Les employeurs peinent à trouver les profils pour un poste donné. Et les meilleurs candidats aspirent à des perspectives d’apprentissage et de carrière variées et rythmés. Ils recherchent aussi un travail dessiné presque sur mesure avec un haut niveau de collaboration. Que signifie alors un intitulé d’emploi ? À pas grand-chose. Bienvenue dans la renaissance post-moderne du monde du travail !

Les écosystèmes d’équipes et de contributeurs temporaires ont fait exploser nos paradigmes de recrutement, de formation professionnelle et de gestion de carrière. Les organisations continuent de faire des organigrammes rigides et des descriptions d’emploi taylorisée quand elles se disent agiles et innovantes. La contribution d’un collaborateur et les compétences qui lui sont demandées évoluent plus vite et bien au-delà d’une structure productiviste standardisée qui est dépassée.

Cet article de 1800 mots en 1m30


People Centric : trouver un nouvel équilibre

Plus technologique. Plus organique aussi. 

A mesure que lintelligence artificielle ou que la technologie blockchain automatisent et augmentent notre travail, l’intelligence collective gagner du terrain. Elle réinjecte de l’organique dans les organisations qui deviennent de plus en plus synthétiques.
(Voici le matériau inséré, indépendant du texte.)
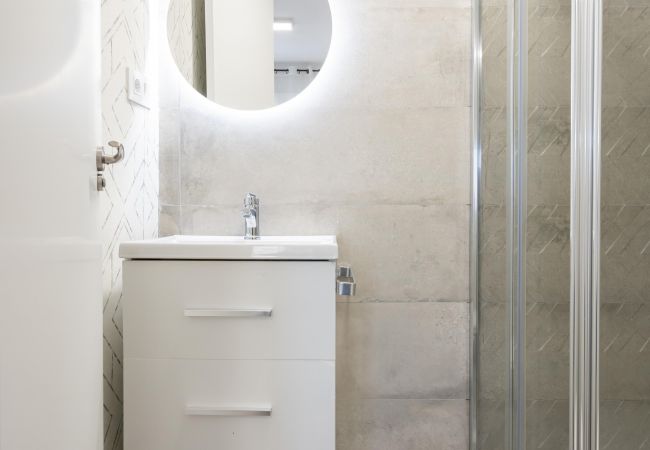 Apartment in Madrid - Parque de Atracciones-Zoo-Casa de Campo  Apartment in Madrid - Parque de Atracciones-Zoo-Casa de Campo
La formule gagnante serait la suivante: moins bureaucratiques, moins hiérarchiques, moins répétitives, plus humaines, plus intelligentes, plus innovantes.

Les disruptions technologiques frappent bien au-delà l’imaginaire collectif. Leurs ondes de choc chamboulent l’économie, nos emplois et nos compétences. Bien plus discrètement, les méthodes de travail opèrent des changements tout aussi profonds. L’organisation en équipe-projet, la prise en compte d’écosystèmes complexes, les multiples formats de collaboration (interne et externe), les hiérarchies plates et les équipes auto-gérées remettent en question les petites cases tayloriennes que l’on désigne emploi ou poste de travail. A cela, il faut ajouter l’explosion des travailleurs indépendants et de la Gig Economy. C’est ce qui me fait dire que l’entreprise performante est devenue un lieu unique d’assemblage de compétences.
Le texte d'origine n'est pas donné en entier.